EXERCISE DIRECTIONS
Your response should be the lines from the one containing "Embelleze Novex Shampoo" through the end of the material, copied exactly and with nothing added.
─── DATA SECTION
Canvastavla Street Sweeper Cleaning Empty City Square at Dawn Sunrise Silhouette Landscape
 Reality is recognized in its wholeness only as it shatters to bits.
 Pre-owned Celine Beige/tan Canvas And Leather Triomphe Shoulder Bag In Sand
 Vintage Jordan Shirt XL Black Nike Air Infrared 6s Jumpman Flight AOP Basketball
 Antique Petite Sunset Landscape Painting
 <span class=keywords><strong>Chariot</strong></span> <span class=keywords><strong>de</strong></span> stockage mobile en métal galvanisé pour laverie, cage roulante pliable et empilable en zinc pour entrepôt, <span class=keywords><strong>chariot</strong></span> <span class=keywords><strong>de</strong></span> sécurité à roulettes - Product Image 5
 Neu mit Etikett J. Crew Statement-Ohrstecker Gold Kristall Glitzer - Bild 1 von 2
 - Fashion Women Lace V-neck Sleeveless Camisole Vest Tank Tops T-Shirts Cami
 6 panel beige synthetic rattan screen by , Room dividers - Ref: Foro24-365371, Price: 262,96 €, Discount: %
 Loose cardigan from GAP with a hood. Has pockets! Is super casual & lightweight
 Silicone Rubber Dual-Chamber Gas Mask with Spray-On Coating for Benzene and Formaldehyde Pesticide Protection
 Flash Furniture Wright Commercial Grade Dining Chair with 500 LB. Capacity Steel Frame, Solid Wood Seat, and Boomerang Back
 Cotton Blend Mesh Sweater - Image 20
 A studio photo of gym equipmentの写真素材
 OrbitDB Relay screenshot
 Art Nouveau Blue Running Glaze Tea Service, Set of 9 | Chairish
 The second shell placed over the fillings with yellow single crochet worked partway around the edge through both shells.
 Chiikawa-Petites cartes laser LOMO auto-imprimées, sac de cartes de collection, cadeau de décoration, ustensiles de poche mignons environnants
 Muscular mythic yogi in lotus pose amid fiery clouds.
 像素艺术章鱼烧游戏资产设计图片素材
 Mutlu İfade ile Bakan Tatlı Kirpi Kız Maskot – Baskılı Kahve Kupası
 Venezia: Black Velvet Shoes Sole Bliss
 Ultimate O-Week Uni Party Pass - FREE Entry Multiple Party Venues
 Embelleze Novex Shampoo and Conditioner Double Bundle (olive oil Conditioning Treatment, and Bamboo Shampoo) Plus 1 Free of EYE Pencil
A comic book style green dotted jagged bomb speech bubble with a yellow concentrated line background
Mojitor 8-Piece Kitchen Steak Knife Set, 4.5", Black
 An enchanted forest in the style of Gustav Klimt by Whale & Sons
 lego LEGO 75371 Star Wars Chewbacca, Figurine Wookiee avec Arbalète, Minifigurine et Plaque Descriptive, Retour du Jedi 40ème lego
──────
EXERCISE RESPONSE
 Embelleze Novex Shampoo and Conditioner Double Bundle (olive oil Conditioning Treatment, and Bamboo Shampoo) Plus 1 Free of EYE Pencil
A comic book style green dotted jagged bomb speech bubble with a yellow concentrated line background
Mojitor 8-Piece Kitchen Steak Knife Set, 4.5", Black
 An enchanted forest in the style of Gustav Klimt by Whale & Sons
 lego LEGO 75371 Star Wars Chewbacca, Figurine Wookiee avec Arbalète, Minifigurine et Plaque Descriptive, Retour du Jedi 40ème lego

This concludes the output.